_Source material_:
-- Opening Marker --

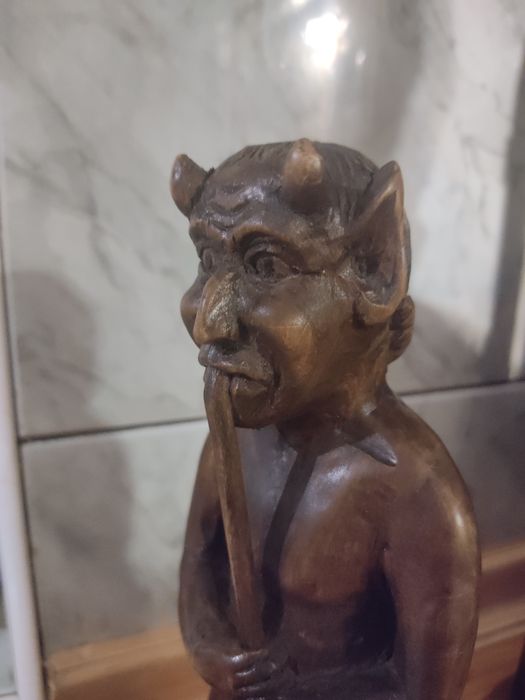 Figurka drewniana - diabeł. Figurka diabła. Sygnowany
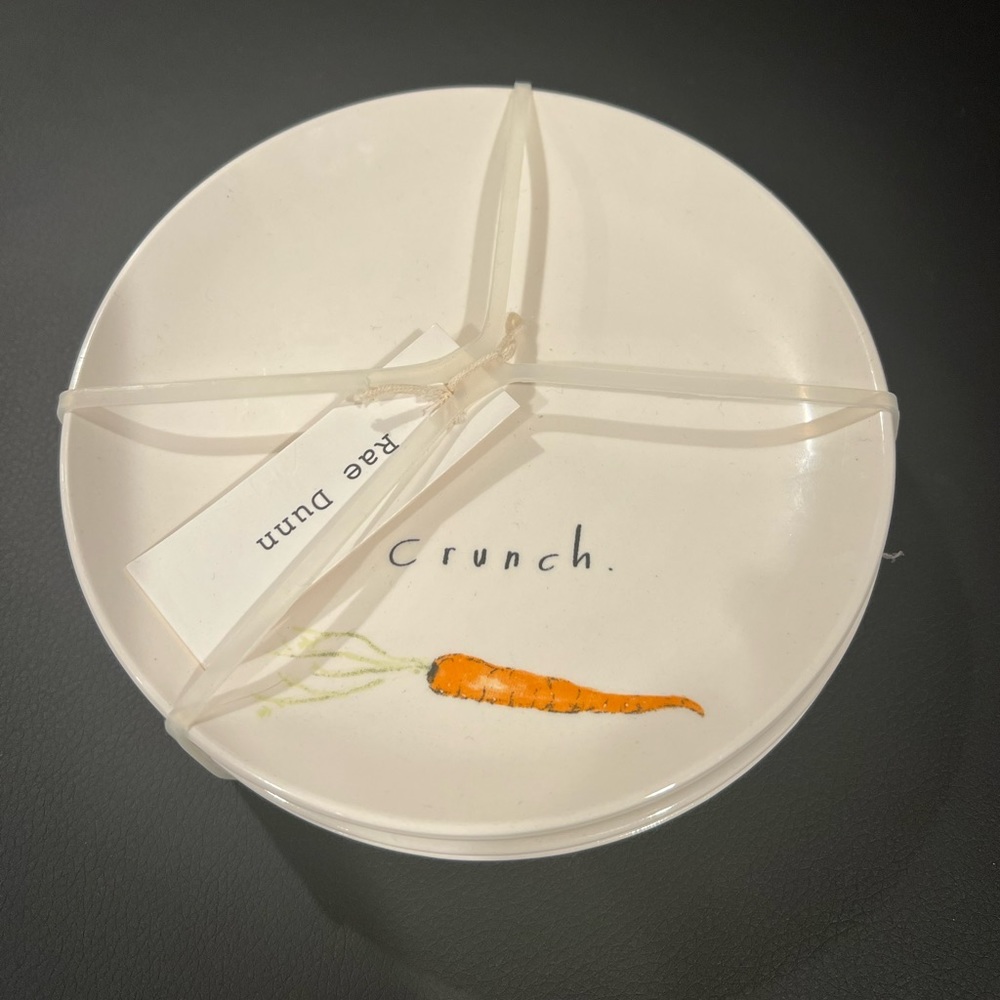 Rae Dunn Easter plates (4)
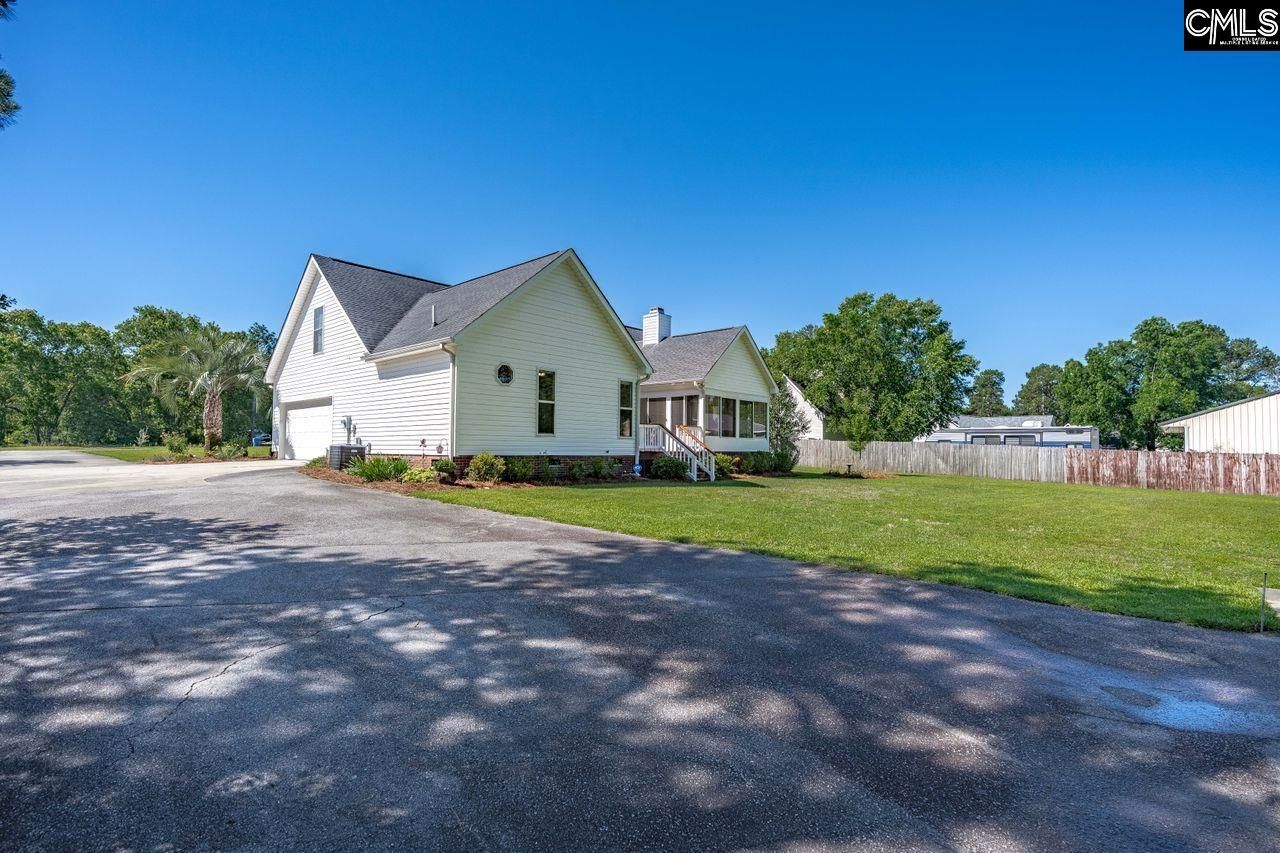 132 Sherwood Drive  Photo 35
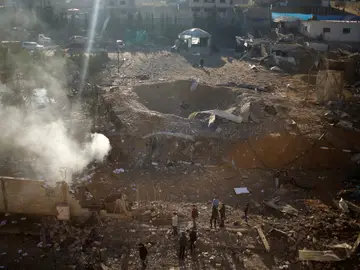 Efectos de un bombardeo de la aviación israelí sobre Gaza Efectos de un bombardeo de la aviación israelí sobre Gaza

-- Closing Marker --

Everything above except the pictures needs to be reproduced exactly.

_Output below_:
 Figurka drewniana - diabeł. Figurka diabła. Sygnowany
 Rae Dunn Easter plates (4)
 132 Sherwood Drive  Photo 35
 Efectos de un bombardeo de la aviación israelí sobre Gaza Efectos de un bombardeo de la aviación israelí sobre Gaza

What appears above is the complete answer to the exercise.